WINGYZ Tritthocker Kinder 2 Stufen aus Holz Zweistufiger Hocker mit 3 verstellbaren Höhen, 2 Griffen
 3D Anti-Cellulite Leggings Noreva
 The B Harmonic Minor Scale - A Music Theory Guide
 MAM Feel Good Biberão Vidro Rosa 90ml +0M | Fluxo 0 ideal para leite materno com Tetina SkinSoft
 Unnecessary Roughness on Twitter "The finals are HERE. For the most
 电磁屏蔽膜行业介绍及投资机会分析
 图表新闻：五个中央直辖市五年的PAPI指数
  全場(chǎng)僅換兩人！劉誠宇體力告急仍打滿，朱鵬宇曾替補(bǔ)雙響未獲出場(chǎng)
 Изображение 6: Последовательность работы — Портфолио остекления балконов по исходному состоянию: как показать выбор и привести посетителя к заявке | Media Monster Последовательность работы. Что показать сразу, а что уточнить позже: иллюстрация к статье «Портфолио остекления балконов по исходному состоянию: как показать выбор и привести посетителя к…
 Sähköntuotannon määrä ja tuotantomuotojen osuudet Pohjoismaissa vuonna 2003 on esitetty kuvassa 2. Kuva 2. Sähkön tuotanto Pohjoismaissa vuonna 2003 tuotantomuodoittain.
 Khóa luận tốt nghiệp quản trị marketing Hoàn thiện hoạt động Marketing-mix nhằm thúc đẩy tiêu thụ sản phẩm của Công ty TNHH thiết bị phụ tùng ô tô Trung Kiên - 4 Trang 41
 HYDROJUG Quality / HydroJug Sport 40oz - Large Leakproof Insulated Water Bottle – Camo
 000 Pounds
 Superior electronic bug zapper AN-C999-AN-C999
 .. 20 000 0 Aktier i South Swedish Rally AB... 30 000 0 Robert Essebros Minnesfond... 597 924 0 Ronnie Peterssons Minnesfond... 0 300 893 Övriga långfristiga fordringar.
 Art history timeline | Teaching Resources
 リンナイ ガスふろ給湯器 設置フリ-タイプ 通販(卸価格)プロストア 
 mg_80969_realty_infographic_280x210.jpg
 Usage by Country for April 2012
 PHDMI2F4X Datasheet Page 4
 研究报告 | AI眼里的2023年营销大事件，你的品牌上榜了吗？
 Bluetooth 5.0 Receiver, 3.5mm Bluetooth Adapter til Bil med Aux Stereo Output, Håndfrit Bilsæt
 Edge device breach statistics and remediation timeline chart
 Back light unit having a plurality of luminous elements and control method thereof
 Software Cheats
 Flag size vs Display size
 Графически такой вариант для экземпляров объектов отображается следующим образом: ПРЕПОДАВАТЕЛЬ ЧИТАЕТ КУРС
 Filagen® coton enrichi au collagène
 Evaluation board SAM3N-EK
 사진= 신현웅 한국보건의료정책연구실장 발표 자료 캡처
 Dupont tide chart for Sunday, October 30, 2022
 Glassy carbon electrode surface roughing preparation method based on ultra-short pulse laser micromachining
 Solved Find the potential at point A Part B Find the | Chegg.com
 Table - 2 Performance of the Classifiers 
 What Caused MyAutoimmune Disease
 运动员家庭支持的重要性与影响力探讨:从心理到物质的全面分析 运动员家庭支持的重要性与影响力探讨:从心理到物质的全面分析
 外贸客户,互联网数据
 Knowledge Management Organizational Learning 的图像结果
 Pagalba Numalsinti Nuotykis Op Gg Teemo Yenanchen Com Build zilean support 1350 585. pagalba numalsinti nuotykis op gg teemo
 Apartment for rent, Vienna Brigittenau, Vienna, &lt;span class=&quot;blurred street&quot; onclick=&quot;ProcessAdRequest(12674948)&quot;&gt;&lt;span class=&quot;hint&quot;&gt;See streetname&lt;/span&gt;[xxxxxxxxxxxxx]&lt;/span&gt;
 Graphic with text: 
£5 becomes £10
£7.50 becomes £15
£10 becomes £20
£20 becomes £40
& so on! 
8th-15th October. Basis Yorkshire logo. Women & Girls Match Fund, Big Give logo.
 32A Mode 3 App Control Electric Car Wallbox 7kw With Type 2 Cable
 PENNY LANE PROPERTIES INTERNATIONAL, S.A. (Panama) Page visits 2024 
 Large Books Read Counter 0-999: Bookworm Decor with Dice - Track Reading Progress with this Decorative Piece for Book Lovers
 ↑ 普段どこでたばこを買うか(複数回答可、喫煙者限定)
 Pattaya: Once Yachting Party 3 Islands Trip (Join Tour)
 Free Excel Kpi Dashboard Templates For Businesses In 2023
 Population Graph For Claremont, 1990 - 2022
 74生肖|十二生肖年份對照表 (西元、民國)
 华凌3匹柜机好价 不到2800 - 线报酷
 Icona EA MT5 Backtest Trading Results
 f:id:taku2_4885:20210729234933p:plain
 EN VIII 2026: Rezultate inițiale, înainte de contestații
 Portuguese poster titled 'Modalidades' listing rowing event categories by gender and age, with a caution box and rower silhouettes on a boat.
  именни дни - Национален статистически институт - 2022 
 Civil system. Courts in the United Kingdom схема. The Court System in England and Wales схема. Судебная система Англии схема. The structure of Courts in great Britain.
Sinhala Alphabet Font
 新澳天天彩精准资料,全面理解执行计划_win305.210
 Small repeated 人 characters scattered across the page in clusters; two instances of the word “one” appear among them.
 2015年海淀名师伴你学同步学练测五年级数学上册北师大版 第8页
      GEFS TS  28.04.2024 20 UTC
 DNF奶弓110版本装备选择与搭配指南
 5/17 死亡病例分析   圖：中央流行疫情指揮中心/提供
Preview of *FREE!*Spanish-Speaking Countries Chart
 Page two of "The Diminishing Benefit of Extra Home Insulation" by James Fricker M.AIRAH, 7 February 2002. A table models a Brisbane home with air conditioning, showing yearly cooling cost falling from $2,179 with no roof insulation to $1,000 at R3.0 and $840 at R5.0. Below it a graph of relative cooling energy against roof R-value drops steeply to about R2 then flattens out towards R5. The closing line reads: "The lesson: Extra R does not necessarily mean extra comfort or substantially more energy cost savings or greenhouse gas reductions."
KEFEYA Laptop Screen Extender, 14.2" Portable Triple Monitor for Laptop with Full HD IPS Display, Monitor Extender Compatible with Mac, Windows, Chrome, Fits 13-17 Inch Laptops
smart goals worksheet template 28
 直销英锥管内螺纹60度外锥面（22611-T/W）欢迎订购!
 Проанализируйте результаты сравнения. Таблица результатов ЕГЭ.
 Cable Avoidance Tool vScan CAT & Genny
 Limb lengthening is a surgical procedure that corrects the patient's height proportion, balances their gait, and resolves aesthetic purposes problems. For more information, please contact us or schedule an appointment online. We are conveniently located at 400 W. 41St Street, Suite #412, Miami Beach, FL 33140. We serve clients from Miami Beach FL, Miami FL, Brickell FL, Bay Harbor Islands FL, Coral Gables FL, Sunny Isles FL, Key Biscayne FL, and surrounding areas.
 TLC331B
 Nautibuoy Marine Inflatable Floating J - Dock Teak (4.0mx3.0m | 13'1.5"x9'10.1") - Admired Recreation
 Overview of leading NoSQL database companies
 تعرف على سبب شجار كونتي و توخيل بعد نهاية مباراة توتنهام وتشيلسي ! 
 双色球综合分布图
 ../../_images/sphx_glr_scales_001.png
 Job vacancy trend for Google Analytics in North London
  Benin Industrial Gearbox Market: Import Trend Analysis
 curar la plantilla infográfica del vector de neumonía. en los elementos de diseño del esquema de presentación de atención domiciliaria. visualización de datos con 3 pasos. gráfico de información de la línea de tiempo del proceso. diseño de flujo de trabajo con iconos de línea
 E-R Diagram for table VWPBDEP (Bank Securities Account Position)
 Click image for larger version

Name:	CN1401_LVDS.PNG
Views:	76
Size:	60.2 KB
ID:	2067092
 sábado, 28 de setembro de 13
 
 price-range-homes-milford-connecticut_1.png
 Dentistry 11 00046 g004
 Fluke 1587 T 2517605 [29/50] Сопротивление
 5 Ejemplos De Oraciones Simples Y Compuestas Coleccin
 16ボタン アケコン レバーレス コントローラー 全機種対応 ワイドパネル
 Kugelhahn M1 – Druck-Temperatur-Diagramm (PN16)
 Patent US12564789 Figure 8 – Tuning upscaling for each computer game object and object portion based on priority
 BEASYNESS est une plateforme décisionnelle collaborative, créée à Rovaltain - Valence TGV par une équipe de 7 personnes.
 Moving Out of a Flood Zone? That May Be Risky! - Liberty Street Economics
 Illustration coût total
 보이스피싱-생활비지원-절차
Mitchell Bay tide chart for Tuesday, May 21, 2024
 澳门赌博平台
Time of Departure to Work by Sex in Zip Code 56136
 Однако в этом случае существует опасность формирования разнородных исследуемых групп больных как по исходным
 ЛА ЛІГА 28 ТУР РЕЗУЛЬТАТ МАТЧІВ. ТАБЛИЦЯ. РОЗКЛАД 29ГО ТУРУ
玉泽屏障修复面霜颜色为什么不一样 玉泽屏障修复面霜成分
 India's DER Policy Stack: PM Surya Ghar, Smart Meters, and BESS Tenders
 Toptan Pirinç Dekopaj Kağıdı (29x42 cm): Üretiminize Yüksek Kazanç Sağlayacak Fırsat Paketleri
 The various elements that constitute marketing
○ ○ ○ ○
#### ASSIGNMENT
Copy exactly the lines that run from the first line of the data to the line containing "Изображение 6: Последовательность", please, with both ends included and nothing else.

#### WRITTEN ANSWER
WINGYZ Tritthocker Kinder 2 Stufen aus Holz Zweistufiger Hocker mit 3 verstellbaren Höhen, 2 Griffen
 3D Anti-Cellulite Leggings Noreva
 The B Harmonic Minor Scale - A Music Theory Guide
 MAM Feel Good Biberão Vidro Rosa 90ml +0M | Fluxo 0 ideal para leite materno com Tetina SkinSoft
 Unnecessary Roughness on Twitter "The finals are HERE. For the most
 电磁屏蔽膜行业介绍及投资机会分析
 图表新闻：五个中央直辖市五年的PAPI指数
  全場(chǎng)僅換兩人！劉誠宇體力告急仍打滿，朱鵬宇曾替補(bǔ)雙響未獲出場(chǎng)
 Изображение 6: Последовательность работы — Портфолио остекления балконов по исходному состоянию: как показать выбор и привести посетителя к заявке | Media Monster Последовательность работы. Что показать сразу, а что уточнить позже: иллюстрация к статье «Портфолио остекления балконов по исходному состоянию: как показать выбор и привести посетителя к…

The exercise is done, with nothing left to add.